Problem requirements :: Repeat exactly the line with "Lady's Two-Tone 14" and each line after it to the end of the data below; pictures stay out.

Input data ::
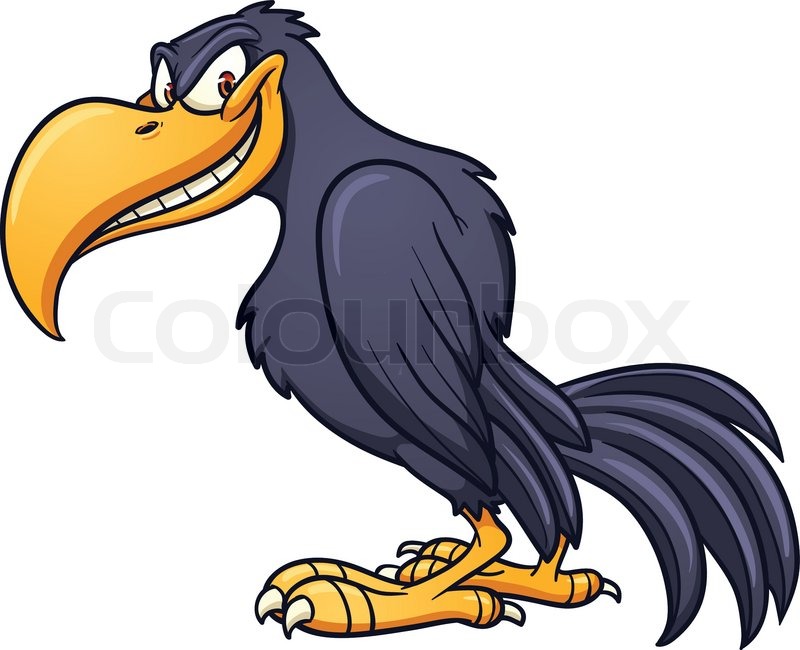 800x650 Evil Cartoon Crow. Vector Clip Art Illustration With Simple
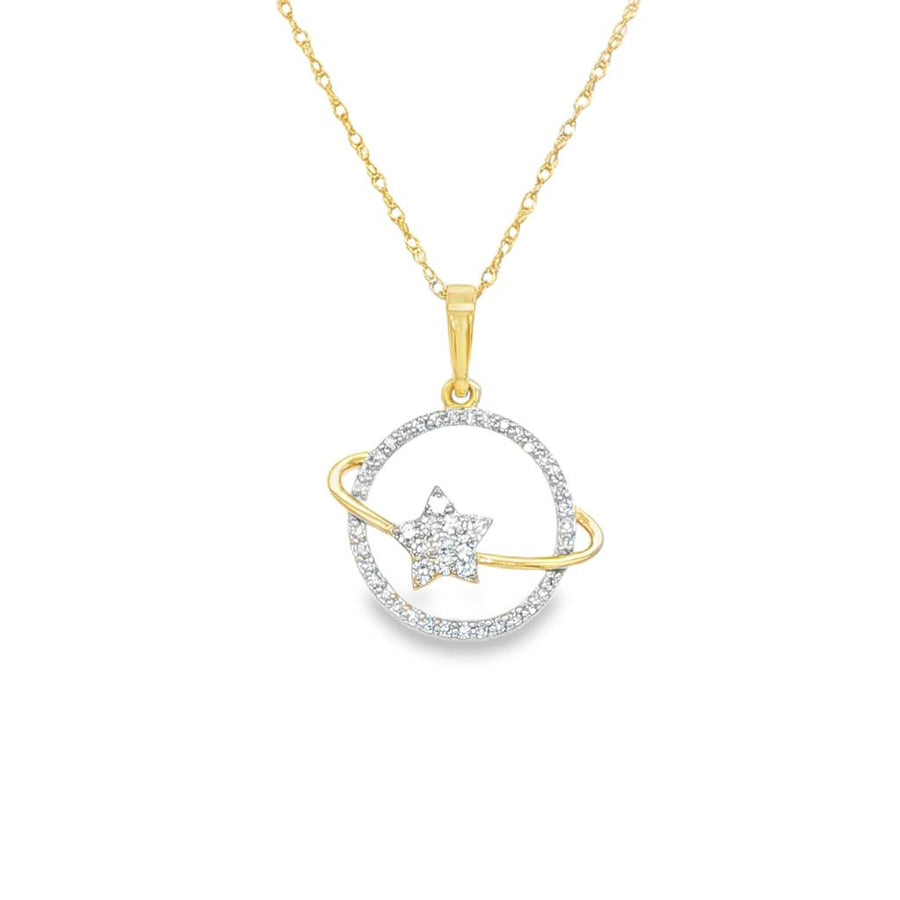 Lady's Two-Tone 14 Karat Planet With Star Accent Circle Pendant With 4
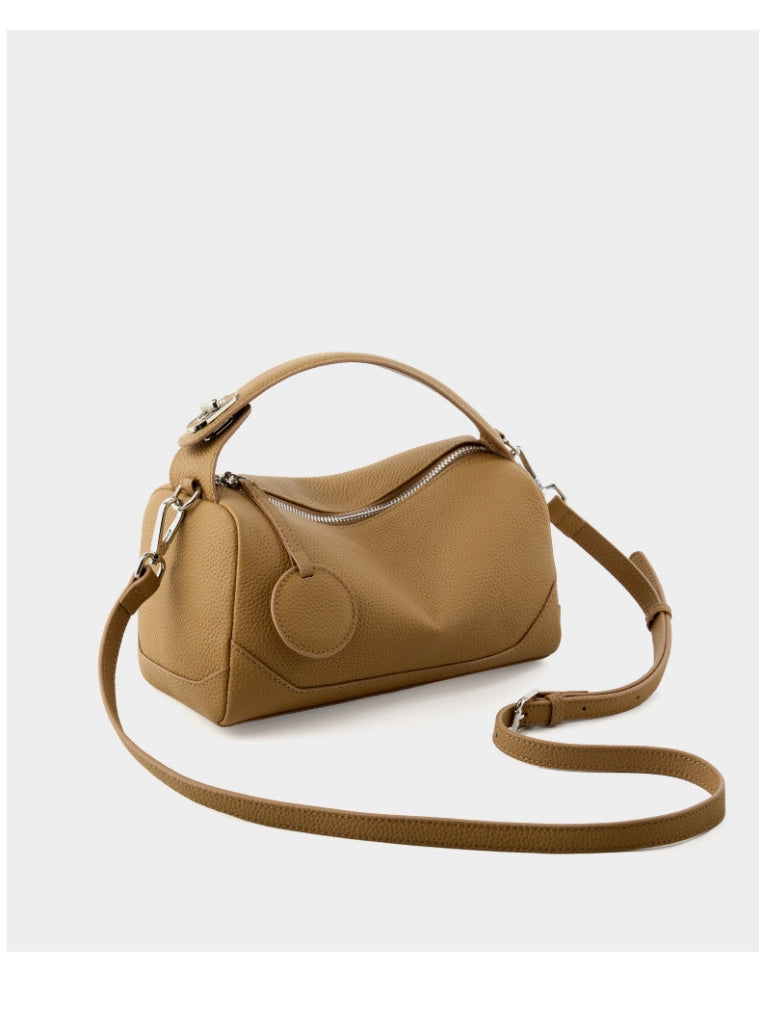 Borsa a tracolla da donna in vera pelle marrone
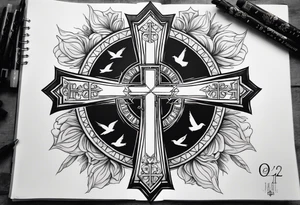 A Cross with doves in the rays of sun with the date 08/21/2024 in Roman numerals in it with Bible verse
Jeremiah 29:11 tattoo idea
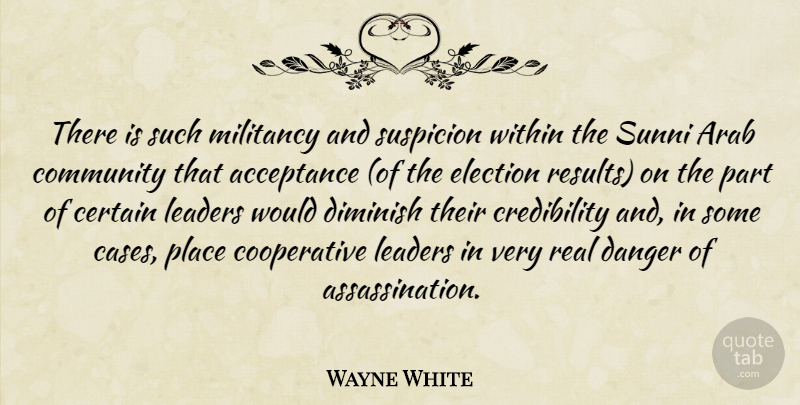 Wayne White Quote About Acceptance, Arab, Certain, Community, Danger: There Is Such Militancy And...
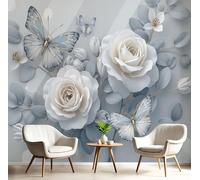 DLERFLOVR Surrealism Wall Paper, 200x140cm Photo Wallpaper 3D Rose Butterfly Poster Picture Design Modern Wall Mural Decoration for Living Room Bedroom Office, Grey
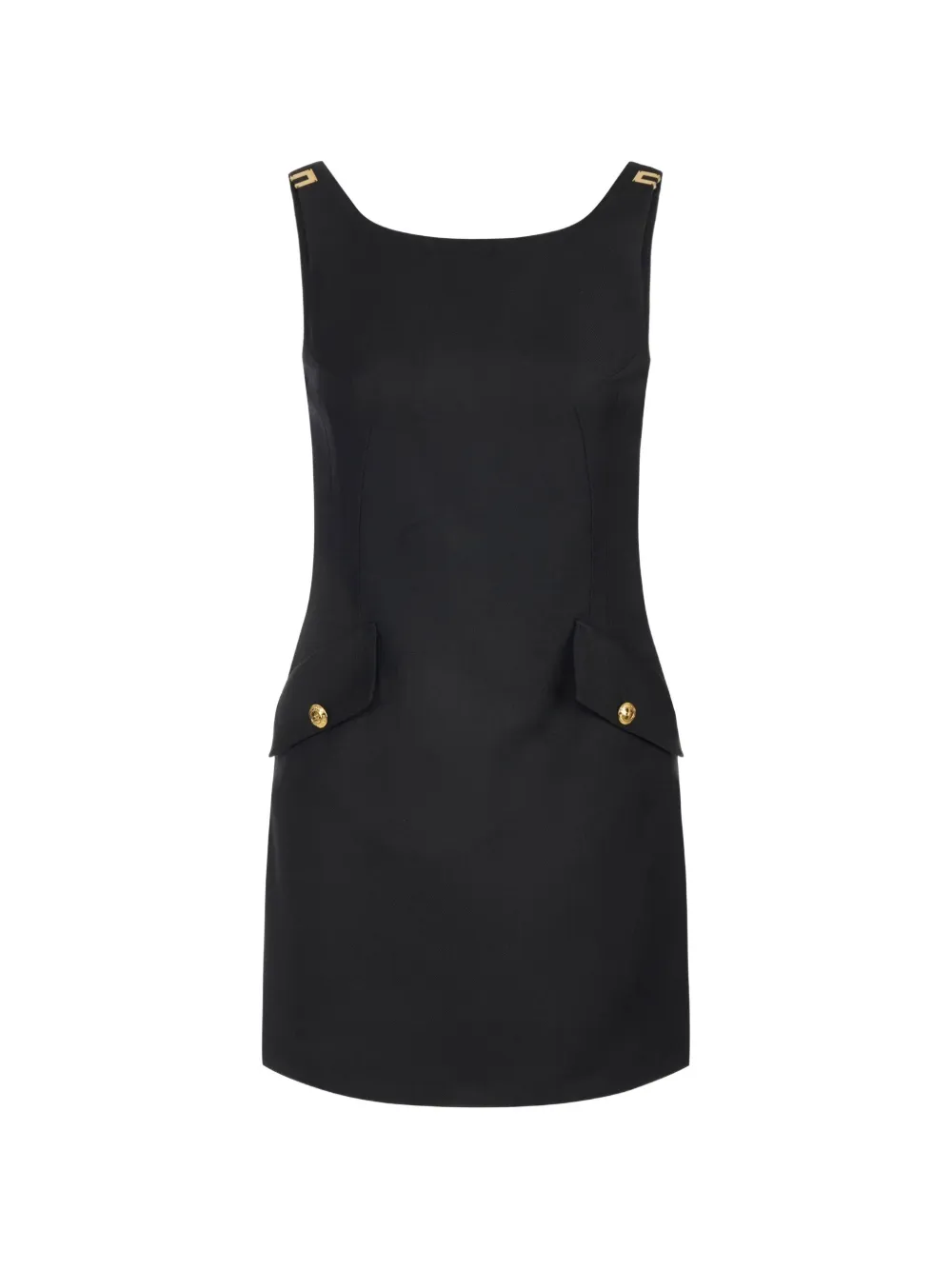 Elisabetta Franchi mini dress in cool wool fabric with logo details - Nero
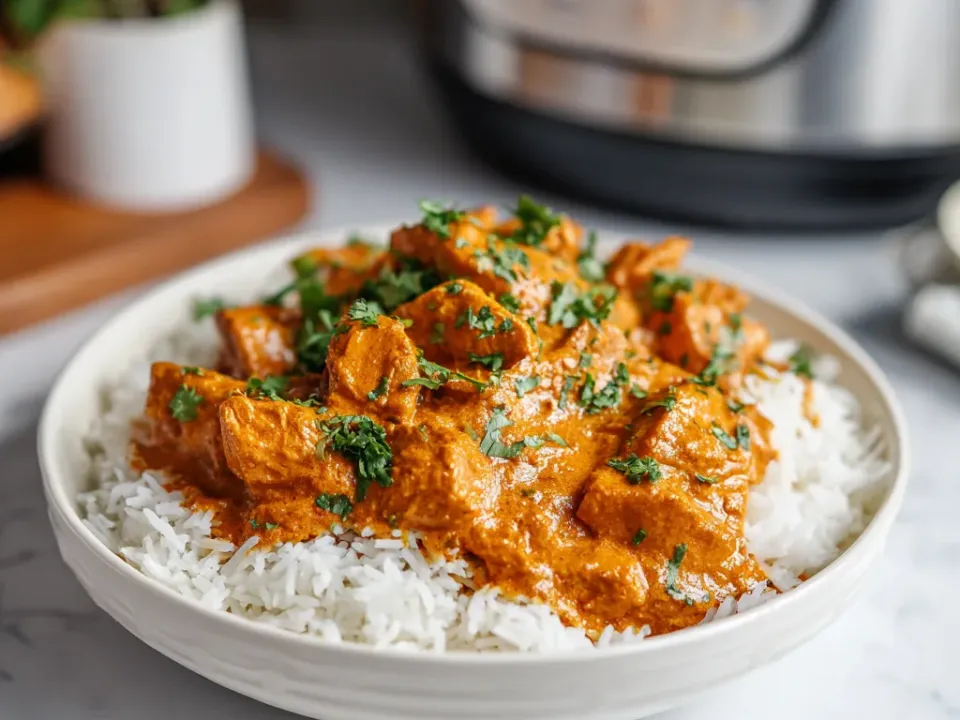 Butter chicken in a creamy orange sauce over white basmati rice, scattered with chopped cilantro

Exercise result ::
 Lady's Two-Tone 14 Karat Planet With Star Accent Circle Pendant With 4
 Borsa a tracolla da donna in vera pelle marrone
 A Cross with doves in the rays of sun with the date 08/21/2024 in Roman numerals in it with Bible verse
Jeremiah 29:11 tattoo idea
 Wayne White Quote About Acceptance, Arab, Certain, Community, Danger: There Is Such Militancy And...
 DLERFLOVR Surrealism Wall Paper, 200x140cm Photo Wallpaper 3D Rose Butterfly Poster Picture Design Modern Wall Mural Decoration for Living Room Bedroom Office, Grey
 Elisabetta Franchi mini dress in cool wool fabric with logo details - Nero
 Butter chicken in a creamy orange sauce over white basmati rice, scattered with chopped cilantro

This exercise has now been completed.